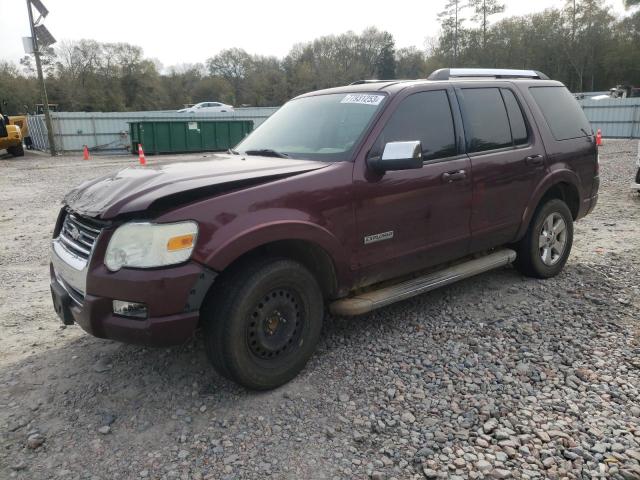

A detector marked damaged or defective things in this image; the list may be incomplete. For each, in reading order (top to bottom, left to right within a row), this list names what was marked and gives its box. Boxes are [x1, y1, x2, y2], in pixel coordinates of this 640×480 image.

damaged hood [63, 154, 330, 219]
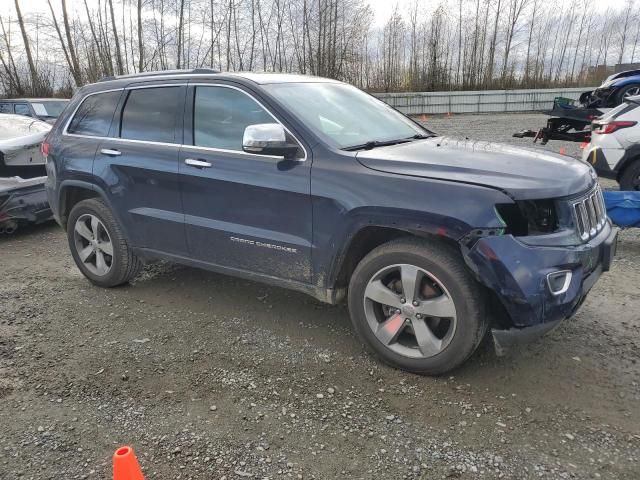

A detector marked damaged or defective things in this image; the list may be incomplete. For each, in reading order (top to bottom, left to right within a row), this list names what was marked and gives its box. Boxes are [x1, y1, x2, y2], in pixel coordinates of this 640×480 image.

damaged vehicle [580, 69, 640, 108]
damaged vehicle [0, 112, 52, 232]
damaged front bumper [0, 178, 52, 234]
damaged vehicle [43, 70, 616, 376]
damaged front bumper [462, 223, 616, 354]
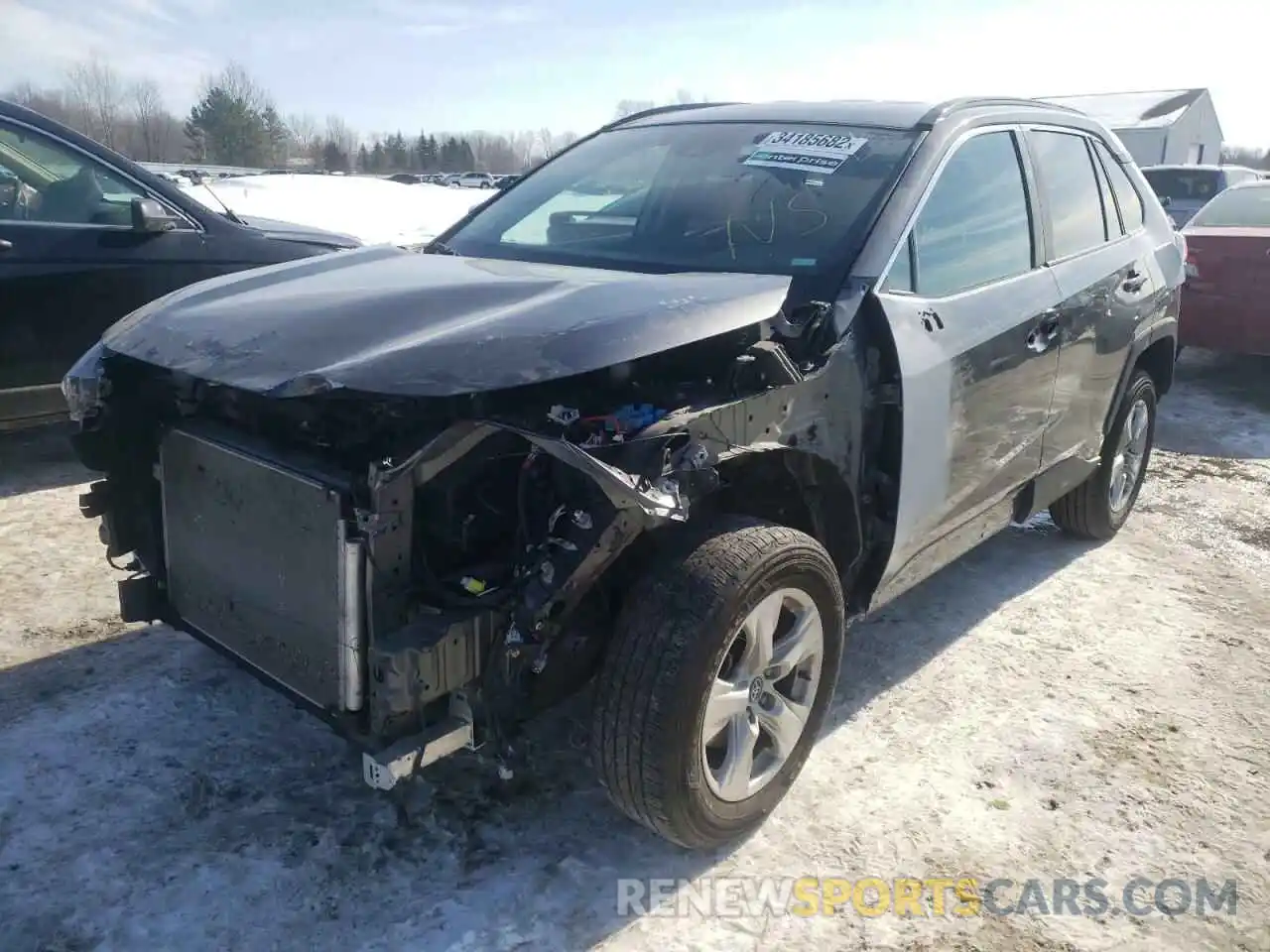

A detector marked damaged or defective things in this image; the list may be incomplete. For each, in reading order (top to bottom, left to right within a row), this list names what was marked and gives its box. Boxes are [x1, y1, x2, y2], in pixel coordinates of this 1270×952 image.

crumpled hood [101, 247, 792, 396]
damaged white suv [66, 98, 1178, 848]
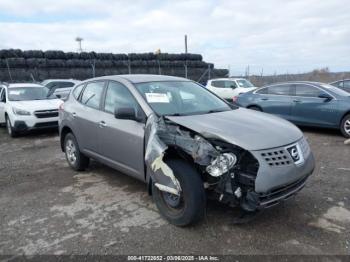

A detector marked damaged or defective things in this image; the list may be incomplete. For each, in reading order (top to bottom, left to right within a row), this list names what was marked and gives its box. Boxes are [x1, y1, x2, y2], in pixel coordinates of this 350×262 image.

damaged nissan rogue [58, 74, 316, 226]
destroyed headlight assembly [205, 152, 238, 177]
bent hood [167, 107, 304, 150]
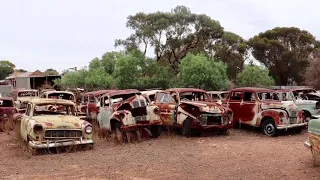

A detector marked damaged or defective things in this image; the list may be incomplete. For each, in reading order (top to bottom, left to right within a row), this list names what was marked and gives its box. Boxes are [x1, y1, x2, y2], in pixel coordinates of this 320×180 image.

abandoned car body [0, 97, 17, 131]
abandoned car body [10, 89, 38, 112]
abandoned car body [19, 97, 93, 150]
rusty car wreck [19, 97, 94, 151]
rusty car wreck [95, 88, 161, 142]
abandoned car body [97, 89, 162, 141]
orange rusted car [152, 87, 232, 136]
rusty car wreck [153, 87, 232, 136]
abandoned car body [153, 88, 232, 136]
abandoned car body [225, 87, 304, 136]
orange rusted car [224, 87, 306, 136]
abandoned car body [276, 89, 320, 121]
abandoned car body [304, 118, 320, 160]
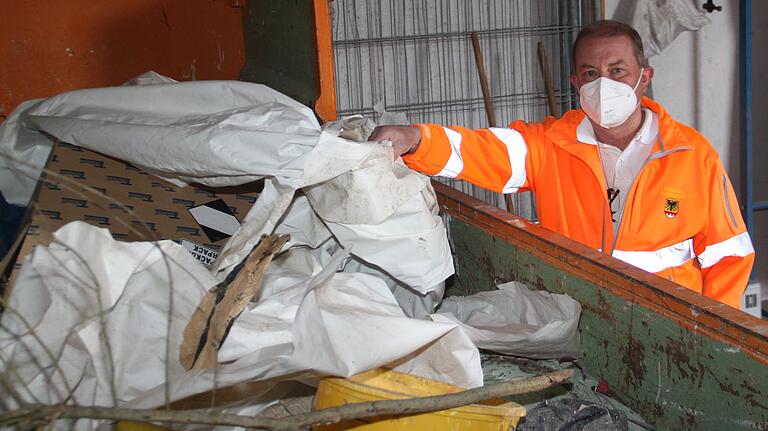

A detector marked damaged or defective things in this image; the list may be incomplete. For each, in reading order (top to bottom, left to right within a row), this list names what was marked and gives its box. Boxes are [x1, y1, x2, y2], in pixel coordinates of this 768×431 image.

broken wood piece [180, 235, 292, 370]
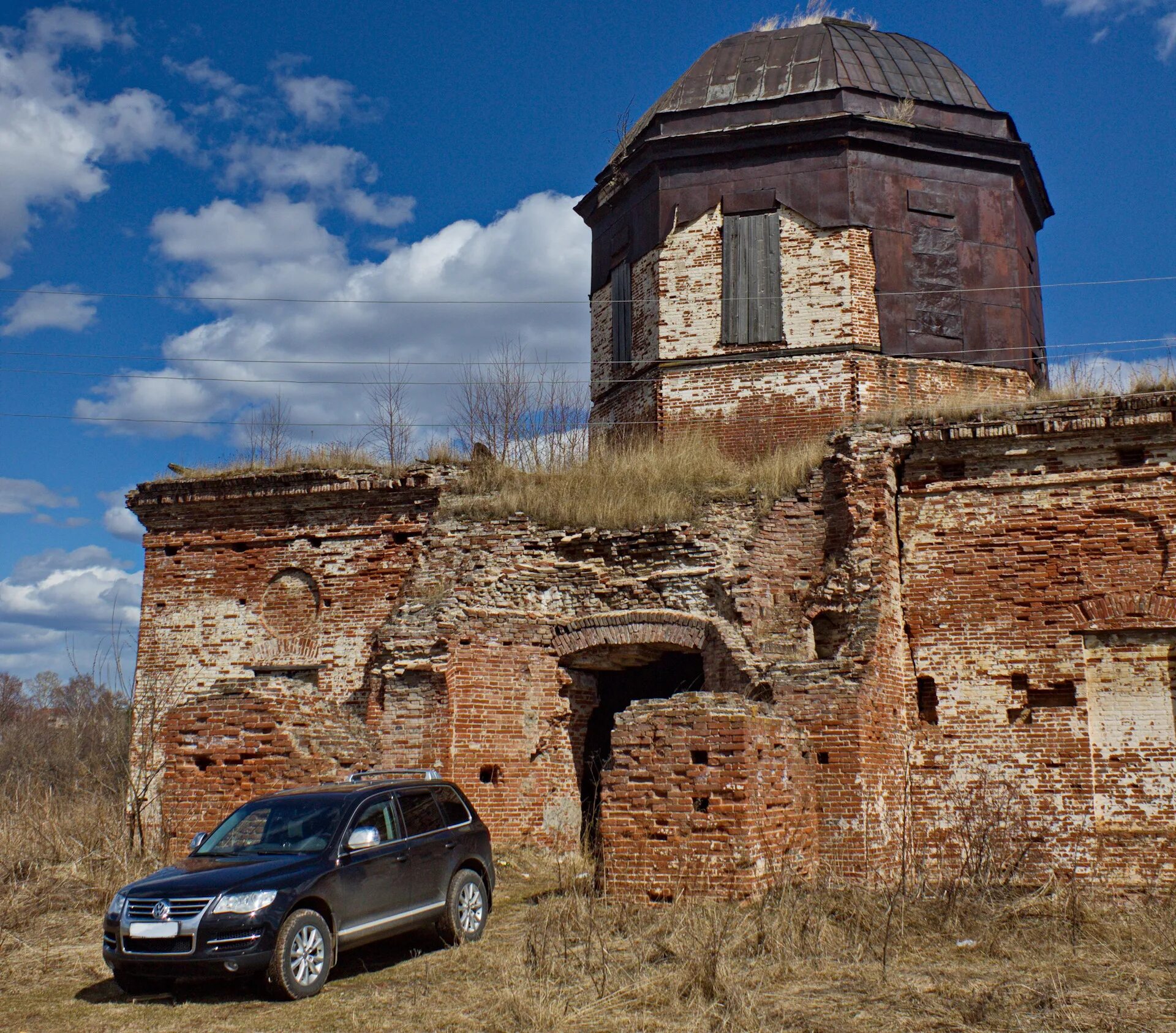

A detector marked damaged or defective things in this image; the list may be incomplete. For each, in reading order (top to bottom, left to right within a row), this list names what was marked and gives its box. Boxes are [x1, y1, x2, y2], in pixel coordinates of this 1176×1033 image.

rusted metal roof [616, 18, 992, 162]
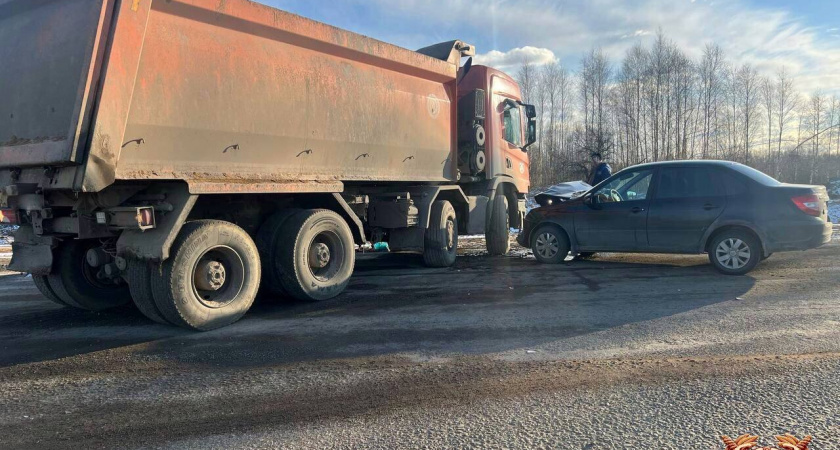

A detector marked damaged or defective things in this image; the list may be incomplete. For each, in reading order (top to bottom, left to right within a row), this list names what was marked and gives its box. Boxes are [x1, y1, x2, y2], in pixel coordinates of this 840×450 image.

rusty truck bed [0, 0, 462, 192]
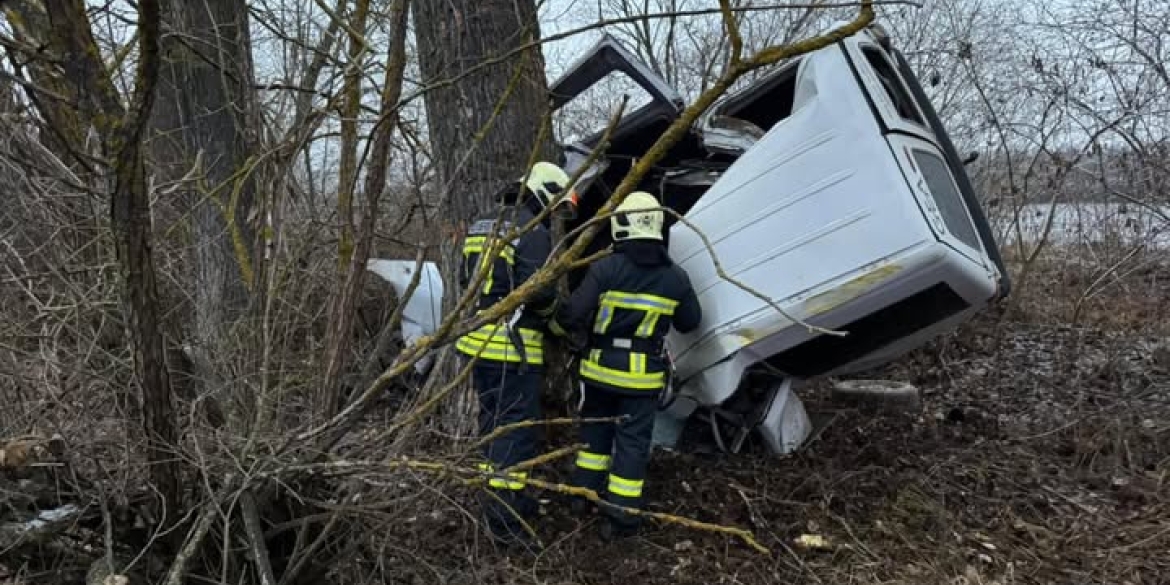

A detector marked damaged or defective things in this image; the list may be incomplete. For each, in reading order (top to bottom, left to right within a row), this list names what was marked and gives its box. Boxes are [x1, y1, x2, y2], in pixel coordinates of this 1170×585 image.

§

▶ Your goal:
All that should appear in the response is the run of lines from the one with "this 840×450 image." through the final line of the records, restated exactly, with pictures omitted.

▶ Problem solution:
A detector marked damaged or defective things in this image; the list may be incomplete. For each, in reading order (top to bottom, left to right within a row), this list names what was marked and gives its box. Boxes are [x1, y1, x2, y2], in pixel coordinates of this 840×450 image.

rusty truck bed [0, 0, 462, 192]

A detector marked damaged or defective things in this image; the list may be incomplete. For each, in reading order (top to bottom, left to right within a row), this list names what was marked and gives its box. Boxes are [x1, y1, x2, y2], in pixel coordinates of this 1170×585 image.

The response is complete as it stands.